Marc Staal was mean and in Stamkos’ face. Dan Boyle played arguably his best all-around game of the playoffs, as did Kevin Klein. Ryan McDonagh and Girardi continued their excellence from Game 7 against the Capitals. Keith Yandle had his hands full with ex-Ranger captain Ryan Callahan but kept the game moving.

And the Rangers defensemen hardly ever fed the Lightning’s transition game with turnovers.

“They have a lot of speed,” Lundqvist said. “If you lose the puck in the wrong areas, you’re going to see the speed even more. So I think we did a really good job of putting pucks in the right place, and that’s when you really slow them down a little bit.”

Second, Vigneault made the correct call in moving Martin St. Louis off of Derick Brassard’s line and replacing him with the bigger, puck-protecting Hayes. That kept the balance of his lineup intact and had three lines creating consistent offense – led by the hard-charging Jesper Fast – in contrast to a Tampa team that only had two units going in Game 1.

And the Rangers continued to show confidence in what Vigneault and his staff are preaching.

“You have to be able to rely on your team game and your team concept on nights where not everything is working for you,” Lundqvist said. “I think the system we have really gives (us) an opportunity to play at our best.”

Objectively, Vigneault is a terrific coach. This entire season, there are only two games that stuck out in which he did not have the coaching edge: A 3-2 Dec. 29 loss in Dallas in which he gave the Stars too much credit, and a Game 1 loss last round to Washington in which the Caps’ Barry Trotz maneuvered well around matchups.

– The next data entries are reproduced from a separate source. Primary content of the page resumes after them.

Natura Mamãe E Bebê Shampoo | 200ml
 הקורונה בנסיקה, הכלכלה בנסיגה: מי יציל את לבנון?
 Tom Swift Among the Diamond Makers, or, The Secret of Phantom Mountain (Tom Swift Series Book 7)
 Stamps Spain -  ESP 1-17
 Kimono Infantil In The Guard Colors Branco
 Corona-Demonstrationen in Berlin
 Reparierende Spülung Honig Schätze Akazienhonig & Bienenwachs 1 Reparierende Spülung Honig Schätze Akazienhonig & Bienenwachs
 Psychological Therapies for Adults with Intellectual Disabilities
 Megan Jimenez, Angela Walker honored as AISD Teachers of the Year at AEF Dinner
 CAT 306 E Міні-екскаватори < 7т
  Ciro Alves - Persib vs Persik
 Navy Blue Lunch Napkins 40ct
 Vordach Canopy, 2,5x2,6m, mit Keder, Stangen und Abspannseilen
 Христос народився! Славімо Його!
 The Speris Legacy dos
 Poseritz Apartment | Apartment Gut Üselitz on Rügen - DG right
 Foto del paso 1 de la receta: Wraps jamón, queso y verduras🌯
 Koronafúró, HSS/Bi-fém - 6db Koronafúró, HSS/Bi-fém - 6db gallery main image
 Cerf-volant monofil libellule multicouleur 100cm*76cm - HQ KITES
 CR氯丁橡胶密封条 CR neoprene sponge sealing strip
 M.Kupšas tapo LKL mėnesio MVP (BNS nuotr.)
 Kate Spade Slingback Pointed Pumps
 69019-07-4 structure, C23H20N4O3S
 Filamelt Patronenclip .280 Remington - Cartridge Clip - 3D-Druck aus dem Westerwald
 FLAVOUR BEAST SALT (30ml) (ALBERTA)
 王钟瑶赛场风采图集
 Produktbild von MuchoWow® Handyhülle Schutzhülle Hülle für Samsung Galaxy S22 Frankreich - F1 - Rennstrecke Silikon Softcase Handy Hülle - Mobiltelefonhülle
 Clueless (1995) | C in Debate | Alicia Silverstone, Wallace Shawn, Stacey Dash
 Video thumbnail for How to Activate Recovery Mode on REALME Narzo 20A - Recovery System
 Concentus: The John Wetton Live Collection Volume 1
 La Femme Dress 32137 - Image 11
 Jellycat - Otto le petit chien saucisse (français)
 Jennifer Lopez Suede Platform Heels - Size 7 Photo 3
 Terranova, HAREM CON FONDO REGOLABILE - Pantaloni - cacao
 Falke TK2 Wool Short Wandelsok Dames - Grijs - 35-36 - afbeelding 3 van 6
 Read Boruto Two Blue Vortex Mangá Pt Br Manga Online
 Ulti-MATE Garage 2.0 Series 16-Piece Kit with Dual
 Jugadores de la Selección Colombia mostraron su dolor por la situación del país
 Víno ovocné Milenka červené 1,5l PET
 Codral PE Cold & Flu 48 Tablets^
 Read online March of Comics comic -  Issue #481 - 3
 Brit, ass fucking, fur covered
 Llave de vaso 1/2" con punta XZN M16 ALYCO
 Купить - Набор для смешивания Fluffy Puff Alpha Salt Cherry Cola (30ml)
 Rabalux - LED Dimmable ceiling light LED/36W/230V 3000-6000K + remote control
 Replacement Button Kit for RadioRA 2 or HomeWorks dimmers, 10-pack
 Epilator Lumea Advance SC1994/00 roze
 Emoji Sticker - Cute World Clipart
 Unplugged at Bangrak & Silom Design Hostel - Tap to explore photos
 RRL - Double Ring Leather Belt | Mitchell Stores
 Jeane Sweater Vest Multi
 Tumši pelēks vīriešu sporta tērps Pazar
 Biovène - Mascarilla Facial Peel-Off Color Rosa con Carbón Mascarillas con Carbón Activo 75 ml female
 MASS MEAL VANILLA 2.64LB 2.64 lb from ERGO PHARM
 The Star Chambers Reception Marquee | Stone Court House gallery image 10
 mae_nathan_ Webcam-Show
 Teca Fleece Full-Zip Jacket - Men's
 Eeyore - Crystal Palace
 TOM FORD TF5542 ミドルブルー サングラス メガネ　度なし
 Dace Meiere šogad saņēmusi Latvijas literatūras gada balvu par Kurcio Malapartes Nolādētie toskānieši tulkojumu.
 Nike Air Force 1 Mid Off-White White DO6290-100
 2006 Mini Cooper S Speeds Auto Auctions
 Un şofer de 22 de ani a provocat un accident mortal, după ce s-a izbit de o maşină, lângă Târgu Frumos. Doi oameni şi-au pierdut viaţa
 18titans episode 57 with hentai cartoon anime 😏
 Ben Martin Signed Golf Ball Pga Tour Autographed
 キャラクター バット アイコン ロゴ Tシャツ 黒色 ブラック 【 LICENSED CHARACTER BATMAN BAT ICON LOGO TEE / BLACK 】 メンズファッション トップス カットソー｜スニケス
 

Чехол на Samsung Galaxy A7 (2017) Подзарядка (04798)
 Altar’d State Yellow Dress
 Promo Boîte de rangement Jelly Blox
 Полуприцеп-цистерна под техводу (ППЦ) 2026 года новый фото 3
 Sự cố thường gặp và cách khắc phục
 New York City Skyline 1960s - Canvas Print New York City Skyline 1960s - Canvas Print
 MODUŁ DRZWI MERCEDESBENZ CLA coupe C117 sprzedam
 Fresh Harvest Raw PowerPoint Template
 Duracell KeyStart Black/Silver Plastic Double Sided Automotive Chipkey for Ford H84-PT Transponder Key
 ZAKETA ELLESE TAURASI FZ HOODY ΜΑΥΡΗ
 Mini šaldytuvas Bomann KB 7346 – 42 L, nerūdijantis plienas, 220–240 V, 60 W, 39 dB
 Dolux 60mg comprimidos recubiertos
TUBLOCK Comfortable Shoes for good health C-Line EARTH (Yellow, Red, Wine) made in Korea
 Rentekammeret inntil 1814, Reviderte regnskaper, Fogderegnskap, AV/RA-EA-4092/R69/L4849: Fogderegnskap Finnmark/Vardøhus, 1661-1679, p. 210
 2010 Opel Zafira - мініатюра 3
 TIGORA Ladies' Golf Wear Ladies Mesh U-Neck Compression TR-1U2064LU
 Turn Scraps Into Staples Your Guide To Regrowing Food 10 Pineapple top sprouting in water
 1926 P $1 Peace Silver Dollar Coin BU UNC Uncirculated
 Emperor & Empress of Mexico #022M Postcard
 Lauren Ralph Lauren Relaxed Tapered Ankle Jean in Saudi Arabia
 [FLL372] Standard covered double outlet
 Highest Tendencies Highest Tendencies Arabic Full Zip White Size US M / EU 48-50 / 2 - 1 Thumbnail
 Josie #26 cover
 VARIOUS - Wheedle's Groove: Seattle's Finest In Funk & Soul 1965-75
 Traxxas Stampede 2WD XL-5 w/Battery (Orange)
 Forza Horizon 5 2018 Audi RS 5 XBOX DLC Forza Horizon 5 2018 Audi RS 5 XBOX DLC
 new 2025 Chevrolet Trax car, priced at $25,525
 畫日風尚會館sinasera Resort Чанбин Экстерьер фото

Usually, though, Vigneault, who turned 54 years old on Thursday, proves as great an advantage to this Rangers team as the goaltender does. He has not yet won a Stanley Cup, coming one win short in 2011 with Vancouver and three short with the Rangers last year, which adds to the intrigue of this playoff run.

“Well, we had a day off and had a really good practice yesterday with a lot of energy and really good execution, (and we had) good meetings on our opponent,” Vigneault said of his team’s preparation.

His simplicity belies his success, but there is no easier plan to follow than one that is direct and proven.

They have a Presidents’ Trophy to back it up.